31st December 2022 – 06th January 2023 | Another week in the markets

S&P 500NasdaqVIXDJIARussell 1000NYSE
Nifty 50GoldSilverBrent crudeUSD-INREUR-INR
1.68%1.33%1.09%1.70% -0.05%0.76%

Source: MarketWatch 

Hello Saturday,

This week the US tech industry sees more massive layoffs, unemployment rate dips, and Bed Bath & Beyond states it’s on the brink of bankruptcy.

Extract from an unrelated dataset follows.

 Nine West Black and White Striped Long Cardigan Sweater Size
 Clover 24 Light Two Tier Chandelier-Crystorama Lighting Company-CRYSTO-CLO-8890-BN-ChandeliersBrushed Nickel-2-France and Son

  • December Jobs report reveals unemployment rate falls to 3.5% from 3.6% in November; a low unemployment rate is not a good sign for inflation and will only trigger the Fed to keep the monetary policy tight 
  • Major tech layoffs continue as Amazon, Salesforce, and Vimeo announce laying off their workforce by 1.2%, 10%, and 11% respectively 
  • Meta fined over $400 million by EU’s regulator over Facebook and Instagram’s breach of General Data Protection Regulations; Meta to appeal the ruling over targeted ads 
  • Special Purpose Acquisition Companies (SPACs) bubble bursts with rapid liquidation at a rate of four per day; SPAC founders lose over $1.1 billion in 2022
  • Bed Bath & Beyond stock plunges over 30% as the company announces worse-than-expected sales and potential bankruptcy 

Taking stock | Unempflation | New year housekeeping | Fine-toothed comb | SPACing out | Bed Bath & Bankruptcy | Invest wisely

Taking stock

Wall Street rallied on Friday after the December Jobs report showed cooling wage growth, signalling that inflation pressure may be easing. For the week, S&P climbed 1.45%, the Dow gained 1.46%, and Nasdaq advanced 0.98%. Both S&P and Nasdaq snapped out of a four-week losing streak.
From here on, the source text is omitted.